Faktisch aber – und das haben kritische Sozialwis­senschaftler längst fest­gestellt – soll dieses Hufein­sen-Mo­dell nur dazu dienen, die bürgerliche Mitte als einzig Gutes dar­zustellen, das es gegen das Schlechte von Rechts und Links zu verteidi­gen gelte. So als ob das rechte Denken nicht direkt aus dieser Mitte der Gesell­schaft käme; eine Mitte, in der Arbeits­zwang-Vorstellungen, ras­sistische und antisemitische Vorbehalte, autori­täre und unsoziale Ideen, militärische „Lösungs“vorstellungen nur etwas besser verklausu­liert werden als rechts außen, wo dies alles lediglich ex­tremer erscheint (und nur so ist der Begriff Rechts­extremismus anwend­bar).

Die hundertfachen Toten des Extremismus der Mitte und des Bundesta­ges – wie die Tötungen an 200 afghanischen Zivilisten oder die Tatsache, dass heute aufgrund der Flüchtlingspolitik das Mittelmeer das größte Massengrab der Welt ist – sind allerdings nicht Thema dieses Aufsatzes. Nur soviel: Die Terrorgruppe NSU ist eine Geschenk für alle gewaltbe­reiten Abgeordneten, wenn es darum geht, Position gegen Gewalt zu beziehen. „Haltet den Dieb“ schreit der Dieb.

Rechts ist doch nicht links

Dass aber interessanterweise in Wirklichkeit niemand an die Links-Rechts-Gleichstellung des Hufeinsen-Modells glaubt, das zeig­te sich ausgerechnet bei dem mörderischen An­schlag 2011 in Norwegen. Zu­erst gingen einige von einem isla­mistischen Hintergrund aus. Aber nur kurz. Denn dann wur­de klar, dass der Täter Anders Breivik ein blonder Nor­weger ist. Nun hätte ganz im Sinne des Hufeisen-Modells dieser Breivik sowohl ein rechter als auch ein linker Täter sein kön­nen.

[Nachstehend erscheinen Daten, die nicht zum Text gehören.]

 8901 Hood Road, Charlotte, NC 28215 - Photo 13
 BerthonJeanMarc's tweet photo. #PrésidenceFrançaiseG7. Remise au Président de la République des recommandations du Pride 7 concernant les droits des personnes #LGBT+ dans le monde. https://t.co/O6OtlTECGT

Allerdings kam nie­mand, wirklich niemand auf die Idee, diese Tat, dieses fast ziellose Hinrichten von Menschen träge Züge einer linken Aktion. Es war klar, was sich dann auch zeigte: Breivik ist ein Rechter. Seine Tat entsprang dem teils paranoiden Weltbild des norwegi­schen wie internatio­nal anzutref­fenden Faschismus, der niemals ein Pro­blem mit dem Einsatz von Gewalt hat.

Es ergibt sich ein Unterschied ums Ganze, wenn radi­kal linke und knall­rechte Ideen gegeneinander gestellt werden. Und eine Gleichset­zung kann nur dazu dienen, jede angesichts der Krisenhaftigkeit des Ka­pitalismus dringend notwendige gesellschaftsver­ändernde Idee als „ex­tremistisch“ zu brandmarken und damit als ungesetz­lich, gar als undenk­bar zu denunzieren.

„Extremismus-Experten“ sind daher keine Sozialwis­senschaftler, son­dern sehr gut bezahlte Ideologieprodu­zenten zu Gunsten des real existie­renden Politik- und vor allem Wirtschaftssys­tems.

Und am bayerischen Untermain?

„Nach neuen Erkentnissen des Bündnis gegen Rechts gibt es nun eindeu­tige Belege dafür, dass die Terroristen der `Zwickauer Zelle´ Uwe Böhn­hardt und Uwe Mundlos 1996 am so genannten `Münstermann-Marsch´ gemeinsam mit Spitzenfunktionären der Bundes-NPD unter der Führung von Falko Schüßler aus Laufach (ehemals Landesvorsitzender der verbo­tenen FAP) und Axel Schunk aus Stockstadt (ehemals Bundesvorstand der verbotenen Wiking-Jugend) mitmarschierten.“ (aus: MedienInforma­tion des Aschaffenburger Bündnis gegen Rechts vom 22.01.12)

Die erhöhte Gewaltbereitschaft in diesen rassistisch und patriarchal strukturierten Gruppen ist bekannt und war bereits in früheren Jahren auch am Un­termain immer wieder belegbar. Bei 141 Delikten mit frem­denfeindlichem oder antisemitischem Hintergrund im Jahr 2000 in Un­terfranken lag der Bereich der Polizeidirektion Aschaffenbug mit 51 De­likten auf dem ersten Platz.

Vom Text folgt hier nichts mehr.